The raw sensor data is simple. I will use the following small sample, shown here in tabular form as I received it from a colleague, in Excel.

Year Day Hour Minute Seconds mSeconds CO2 H2O
2012 84 2 0 0 0 389.6 7.1379
2012 84 2 0 0 100 389.9 7.1305
2012 84 2 0 0 200 385.2 7.1866

We have three measurement values for CO2 and three for H2O. As you can see, the LI-7500 samples at 10 Hz, resulting in 10 measurement values a second, or one every 100 ms. The table does not reveal the units but they are μmol/mol (parts-per-million) and mmol/mol (parts-per-thousand) for CO2 and H2O, respectively.

The second column should perhaps more accurately be labelled day of year. For what comes next, it is more useful to convert the day of year to the day and month of the year. In this case it is March 24, 2012. Thus, we have here measurement data for CO2 and H2O concentration on March 24, 2012 at 2 am and 0, 100, and 200 ms.

Observations

I will now describe how the measurement data shown in the table above can be represented as sensor observations. It is the SSN ontology that reveals the specifics, i.e. what an observation is and how it is structured.

First, recall from the last post that we already used the SSN ontology to model our LI-7500 at the Linnansuo cutover peatland site in Finland. Here are the relevant statements:

InfraredGasAnalyzer rdfs:subClassOf ssn:SensingDevice
LI-COR_LI-7500 rdfs:subClassOf InfraredGasAnalyzer
theLinnansuoLI-7500 rdf:type LI-COR_LI-7500
theLinnansuoLI-7500 ssn:observes moleFractionCO2
theLinnansuoLI-7500 ssn:observes moleFractionH2O
moleFractionCO2 rdf:type ssn:Property
moleFractionH2O rdf:type ssn:Property

In line order, we first state that infrared gas analyzers are sensing devices and the LI-COR LI-7500 is a particular type of infrared gas analyzer. Then we model the particular LI-7500 at Linnansuo as an instance of LI-7500 infrared gas analyzer and state that the sensing device observes two properties, namely the mole fraction of CO2 and the mole fraction of H2O.

Now we add an additional few statements, as follows:

ambientAir rdf:type ssn:FeatureOfInterest
ambientAir ssn:hasProperty moleFractionCO2
ambientAir ssn:hasProperty moleFractionH2O

We add ambient air as the monitored feature (of interest), i.e. the environmental (physical) phenomenon, and state that mole fraction of CO2 and H2O are properties of ambient air.

An observation is the result of estimating a value of a property of a feature, using a sensing method implemented by a sensor.
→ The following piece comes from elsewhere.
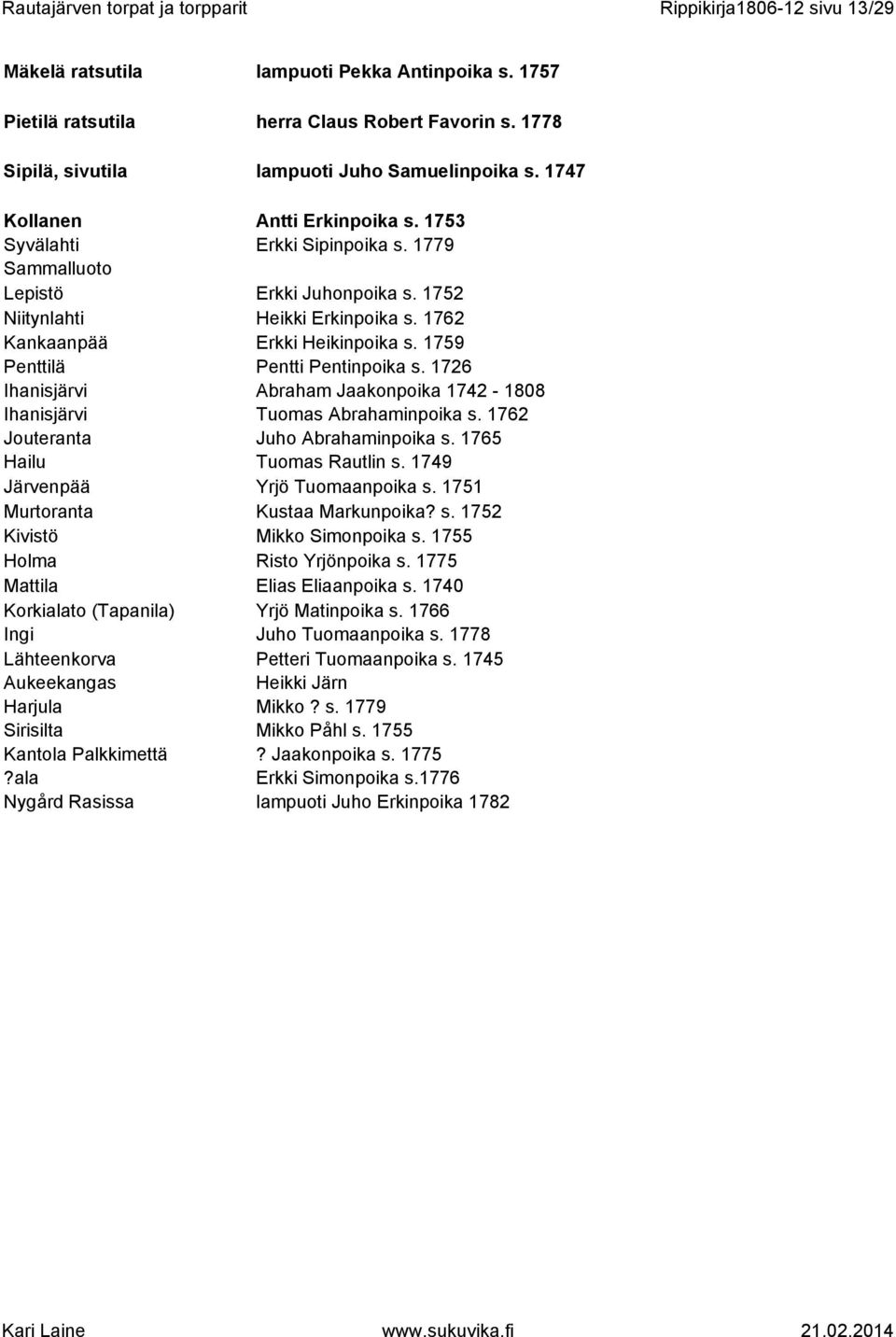 1752 Niitynlahti Heikki Erkinpoika s. 1762 Kankaanpää Erkki Heikinpoika s. 1759 Penttilä Pentti Pentinpoika s. 1726 Ihanisjärvi Abraham Jaakonpoika 1742-1808 Ihanisjärvi Tuomas Abrahaminpoika s.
We can now translate the values in the table above into six observations. As an example, I will work out the first value, 389.6, for the CO2 concentration on March 24, 2012, at 2 am sharp.

First we create an individual instance of the class ssn:Observation.

o1 rdf:type ssn:Observation

Then we state that this observation was observed by our LI-7500 at Linnansuo and is for the property of CO2 mole fraction of the ambient air feature.

o1 ssn:observedBy theLinnansuoLI-7500
o1 ssn:observedProperty moleFractionCO2
o1 ssn:featureOfInterest ambientAir

Note that these statements are more expressive than the row in the table above as the observation relates to the sensing device and feature, both uniquely identified. Granted, the property is encoded in the label CO2 in the table header. However, the moleFractionCO2 URI is superior: it is an identifier, while “CO2” is a label, and it is stated to be a (SSN) property.

Next we represent the actual value. Measurement values are sensor outputs and, specifically, observation values. Observation values are regions in a dimensional space and relate to data values, e.g. numbers.

o1 ssn:observationResult so1
so1 rdf:type ssn:SensorOutput
so1 ssn:hasValue ov1
ov1 rdf:type ssn:ObservationValue
ov1 dul:hasRegionDataValue "389.6"^^xsd:double

This may look somewhat overwhelming. Read it as follows. Our individual observation o1 relates to an observation result so1 which is a sensor output (remember o1, so1, ov1 etc. are individuals, here abbreviated but generally URIs). Sensor outputs relate to values, in this case the particular value ov1 which is an observation value. Obervation values finally relate to the actual number, 389.6, which is here stated to be of datatype double.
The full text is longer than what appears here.